DERMAL: No risk characterisation will be conducted for acute dermal toxicity. Acute systemic effects are not relevant due to the very low dermal absorption of nickel. Acute local effects are covered by the long term DNEL based on prevention of dermal sensitization.

 

Justification for classification or non-classification

Acute oral toxicity. Ni chloride is currently classified for acute oral toxicity as Acute Tox. 3; H301 according to the 1st ATP to the CLP Regulation. A newly conducted GLP OECD guideline compliant study reported an LD50=500 mg/kg for Ni chloride hexahydrate, suggesting the classification could be downgraded to Acute Tox. 4; H302. An Acute Tox 4 classification for nickel chloride would be consistent with the acute oral toxicity classification for all other water soluble nickel compounds. However, a study already exists that results in a more stringent classification and supports the current harmonized classification under the 1st ATP to the CLP.

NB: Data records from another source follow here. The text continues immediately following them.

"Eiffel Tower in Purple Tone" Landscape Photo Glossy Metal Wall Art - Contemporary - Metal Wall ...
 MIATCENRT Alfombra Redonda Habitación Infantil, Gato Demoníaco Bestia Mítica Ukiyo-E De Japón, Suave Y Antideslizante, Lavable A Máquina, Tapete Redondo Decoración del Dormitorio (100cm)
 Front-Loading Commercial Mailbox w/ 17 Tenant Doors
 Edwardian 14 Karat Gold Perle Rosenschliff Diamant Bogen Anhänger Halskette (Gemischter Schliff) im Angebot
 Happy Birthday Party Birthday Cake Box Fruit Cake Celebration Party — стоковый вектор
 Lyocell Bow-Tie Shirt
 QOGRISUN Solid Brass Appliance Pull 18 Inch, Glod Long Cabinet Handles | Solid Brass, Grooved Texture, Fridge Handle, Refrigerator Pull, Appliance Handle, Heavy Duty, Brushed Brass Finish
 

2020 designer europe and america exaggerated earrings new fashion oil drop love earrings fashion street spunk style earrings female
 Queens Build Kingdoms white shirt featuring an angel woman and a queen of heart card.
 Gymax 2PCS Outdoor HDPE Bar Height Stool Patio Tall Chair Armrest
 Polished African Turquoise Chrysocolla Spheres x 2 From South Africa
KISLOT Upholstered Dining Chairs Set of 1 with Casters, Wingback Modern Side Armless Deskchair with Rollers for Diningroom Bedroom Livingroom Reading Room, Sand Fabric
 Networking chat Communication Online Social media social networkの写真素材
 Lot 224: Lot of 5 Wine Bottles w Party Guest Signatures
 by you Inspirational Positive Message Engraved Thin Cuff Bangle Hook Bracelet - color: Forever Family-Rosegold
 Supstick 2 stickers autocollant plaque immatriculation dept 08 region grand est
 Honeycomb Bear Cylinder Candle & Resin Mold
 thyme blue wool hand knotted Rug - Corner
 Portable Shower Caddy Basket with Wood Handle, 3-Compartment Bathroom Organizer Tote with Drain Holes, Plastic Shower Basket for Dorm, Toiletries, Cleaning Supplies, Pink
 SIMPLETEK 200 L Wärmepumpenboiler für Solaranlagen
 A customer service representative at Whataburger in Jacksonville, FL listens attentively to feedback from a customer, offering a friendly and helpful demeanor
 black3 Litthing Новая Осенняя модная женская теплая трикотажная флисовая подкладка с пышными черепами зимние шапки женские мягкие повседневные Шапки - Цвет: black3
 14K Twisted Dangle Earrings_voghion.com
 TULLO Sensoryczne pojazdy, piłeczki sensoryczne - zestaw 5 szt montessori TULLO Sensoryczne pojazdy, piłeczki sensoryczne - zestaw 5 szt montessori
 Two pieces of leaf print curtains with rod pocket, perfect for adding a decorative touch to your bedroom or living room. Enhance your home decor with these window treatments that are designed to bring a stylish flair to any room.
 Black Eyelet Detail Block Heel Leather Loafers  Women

Acute inhalation toxicity. Ni chloride is currently classified as Acute Tox. 3: H331 according to the 1st ATP to the CLP Regulation. This is further supported by the outcome of the in vivo acute inhalation toxicity studies completed by PSL in 2014 and 2015, reporting an LC50 of 0.5934 mg/L air for male rats and 0.7464 mg/L for female rats. Therefore, no change to the existing classification is proposed within this registration file. A complete summary of the study including results and discussion are provided in Section 7.2.2 of IUCLID.

Ni chloride is not classified for acute dermal toxicity according to the 1st ATP to the CLP Regulation.